In writing fantastic science tales, two themes have attracted me more than others, and have seemed to offer the amplest possibilities and the deepest stimulus to imagination: the inter- planetary and the inter-dimensional themes. Among those of my stories that can be classed, more or less accurately, as science fiction, the majority have dealt either with worlds remote in space, or worlds hidden from human perception by their different vibratory rate or atomic composition.

I am glad that my tale of life on Venus, "World of Horror," (An alternate title for "The Immeasurable Horror," originally published in Weird Tales, Sept. 1931, and in OTHER DIMENSIONS (Arkham House, 1970).) found favour with many readers of Tales of Wonder. I hope to return presently to this type of story, which, though exploited by so many authors, is still rich in unsounded potentialities. Indeed, there are no limits to their development except those of the writer's imagination. Here, however, lies the difficulty, since it is impossible for one to conceive forms and conditions of life, matter and energy that are wholly diverse from all terrestrial states and forms.

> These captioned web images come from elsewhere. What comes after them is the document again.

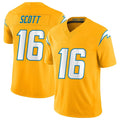 Yuxns LA.Chargers #16 J.K. Scott Player Gold Limited Vapor F.U.S.E. Home Game Stitched Jerseys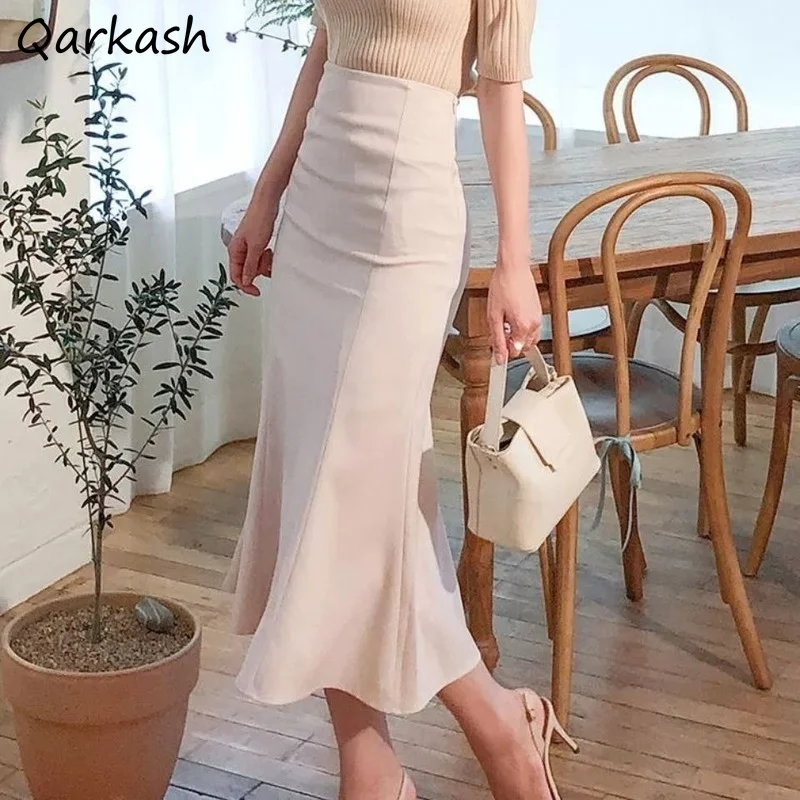 Skirts Women High Waist Midi All-match Casual Ulzzang Feminino Spring Solid Simple Trumpet Design Ladies Bodycon Vintage Mermaid
Skirts Women High Waist Midi All-match Casual Ulzzang Feminino Spring Solid Simple Trumpet Design Ladies Bodycon Vintage Mermaid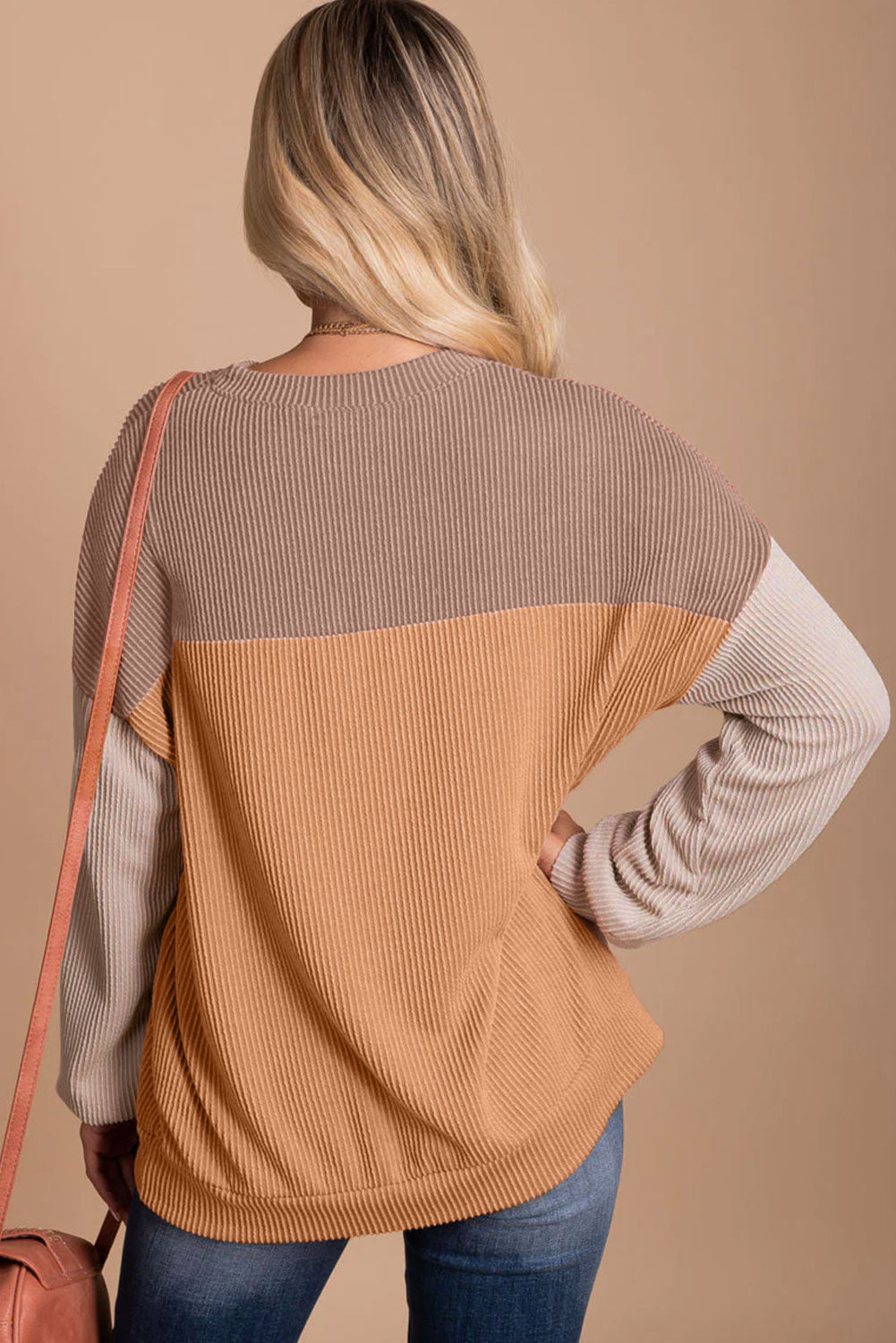 Green Color Block Long Sleeve Ribbed Loose Top-Sale (50% OFF)/30% OFF-[Adult]-[Female]-2022 Online Blue Zone Planet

And yet, when one considers the fantastic variations of life on this one tiny planet, there seems little reason to presuppose that life on other worlds will necessarily repeat, or even resemble, the types known to us. In future ages, when space-transit has become a reality, our wildest fictions may seem feeble and commonplace beside the fantasies of Nature itself that explorers will discover on alien globes.

Among my several inter-dimensional stories, I think "City of Singing Flame" is the best. I owe its inspiration to several camping sojourns amid time high Sierras, at a spot within easy walking distance of the Crater Ridge described by Angarth and Hastane. The Ridge is a wild eerie place, differing wholly in its geology and general aspect from the surrounding region, exactly as pictured in the story. It impressed my imagination profoundly, suggesting almost at first sight the contiguity of some unknown, invisible world to which it might afford the mundane approach and entrance. And, since I have never explored the whole of its area, I am not altogether sure that the worn, broken column-ends found by the story's narrators do not really exist somewhere among the curiously shaped and charactered stones that lie in such strange abundance there!

All fantasy apart, however, it seems to me that the theory of interlocking worlds in one that might be offered and defended. We know nothing of the ranges of vibration, the forms of matter and energy, that may lie beyond the testing of our most delicate instruments. Spheres and beings whose atomic structure removes them from all detection may float through or beside the Earth, no less oblivious of our existence than we of theirs. Transit between planes of space, though filled with obvious material difficulties, is at least more readily comprehensible than time-travelling.